Ryan Stock is a Canadian-based TV stunt man from Beaumont, Alberta who has a show on the Discovery Channel called "Guinea Pig". Stock and his fiancée Amber Lynn Walker travel around Canada and the United States and perform stunts involving electrical shocks, automobile crashes and intentional poisoning. The Guinea Pig Show is no longer in production but may still air in some countries.

Stock became fascinated with magic at an early age and quickly developed his skills as a magician. He soon moved on from simple tricks to performing feats such as fire-eating and fire-breathing. Stock is also the creator and originator of several sideshow stunts performed around the world.

Stock is a sleight of hand artist, showing many of his tricks and illusions along the tour.

He currently holds 5 Guinness World Records.

Stock pulled a 1696 kg 2002 Audi Quattro 6.38m in 20.53 seconds, while having a sword inserted into his esophagus. Two chains were attached between the vehicle's chassis and the sword's hilt.
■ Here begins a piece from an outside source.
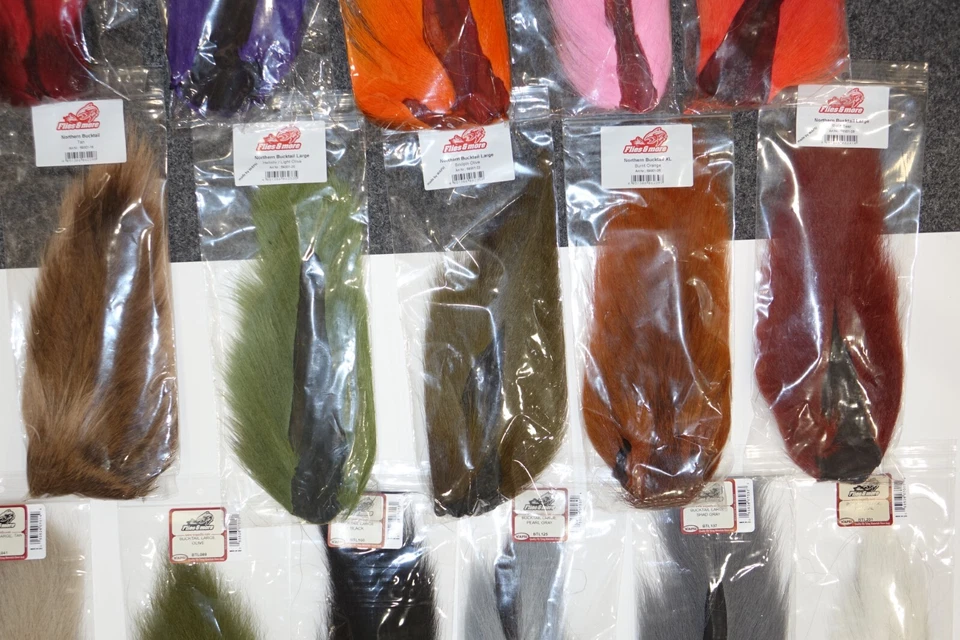 Bucktail LARGE WAPSI USA 21 Farben Beast Fly Bob Popovic Hecht Barsch Lachs - Bild 3 von 4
Stock currently holds the world record for "Heaviest Vehicle pull by a sword swallower" as of November 26, 2008, as verified by Guinness World Records.

He holds the record for "The heaviest vehicle pulled using a hook through the nasal cavity and out of the mouth", The automobile weighed 725.0 kg (1598.35 lb), and Stock's attempt at the record was televised on the 'Lo Show dei Record' in Rome, Italy, on 21 March 2012.

He previously held the record for "Most drink can tops torn off with the teeth". Stock broke the record on the March third broadcast of "Guinness World Records Gone Wild", tearing through eleven drink cans in just under the sixty second mark. He was compared to "A Beaver with a taste for aluminum" by the show's hosts. This record was beat on June 22, 2020 by professional MMA fighter Chuck "The Energiza" Mady on the Podcast 2 Dudes & a Mike. Chuck was able to tear through 24 cans in 60 seconds.

In 2014 Stock broke two world records in Edmonton, Alberta Canada. He now holds the record for "most blowtorches extinguished on the tongue in one minute." The previous record was 27, Stock extinguished 40. He also holds the record for "The heaviest weight lifted by hooks in the forearms." and lifted two cement blocks weighing 70 lbs (31.75 kg).

== America's Got Talent ==
In 2016, Ryan Stock and Amber Lynn auditioned for the eleventh season of the popular NBC reality competition, America's Got Talent where they advanced to the quarterfinal round.

He later appeared on the 2019 AGT "Champions."